To put the V-8-powered Sequoia’s in perspective, its 118.1-inch wheelbase and 203.9-inch overall length put it squarely between Chevy’s 116-inch wheelbase and 198.9-inch long Tahoe and Ford’s 119.1-inch wheelbase and 204.6-inch long Expedition. Toyota says a Sequoia SR5 4x4 will weigh in at 5270 pounds, which puts it smack between a similar Tahoe’s claimed 5050 and a 5.4-liter powered 4x4 Expedition at 5447. That’s a neat splitting of differences where the differences aren’t perceived as all that great. Expect the price to fall right amid those two as well.
Gall, cojones, arrogance, nerve, temerity, balls... whatever you want to call it, Toyota’s got a lot of it.
The Sequoia emerges from a sport-ute tradition well proved by Detroit — a tradition which at one time didn’t amount to much more than taking a corporation’s pickup and adding what amounts to a really bitchin’ shell.

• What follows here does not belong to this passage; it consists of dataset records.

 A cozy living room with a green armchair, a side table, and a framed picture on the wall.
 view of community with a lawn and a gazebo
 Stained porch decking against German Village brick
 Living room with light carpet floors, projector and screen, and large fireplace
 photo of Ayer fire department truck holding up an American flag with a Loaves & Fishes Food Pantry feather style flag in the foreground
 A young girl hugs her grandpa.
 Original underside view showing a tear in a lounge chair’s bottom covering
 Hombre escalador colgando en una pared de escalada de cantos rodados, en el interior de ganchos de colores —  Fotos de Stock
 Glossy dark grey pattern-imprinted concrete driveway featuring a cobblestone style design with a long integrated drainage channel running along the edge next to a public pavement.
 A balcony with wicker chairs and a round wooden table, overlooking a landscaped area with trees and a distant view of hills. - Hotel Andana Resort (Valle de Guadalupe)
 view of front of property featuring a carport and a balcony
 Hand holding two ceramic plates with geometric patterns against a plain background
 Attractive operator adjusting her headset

Back when Chevy sold only a few thousand Suburbans every year to road construction companies and university geology departments, they could get away with that. Today however, the customer expectations have risen as the market has grown and the number of competitors has increased exponentially. So now instead of just plopping the SUV body on the pickup’s chassis, there’s actually some engineering involved.
Like Ford’s Expedition and GM’s latest Chevy Tahoe and GMC Yukon, the Sequoia is essentially identical to its pickup cousin from the B-pillar forward (including the double wishbone and coil spring front suspension) and is its own creation from that pillar back. With a wheelbase that’s just more than 10 inches shorter than the Tundra’s, the Sequoia’s frame rails are fully boxed and support a solid axle on five-link coil spring rear suspension rather than the pickup’s leaf springs (again similar to the Expedition and Tahoe).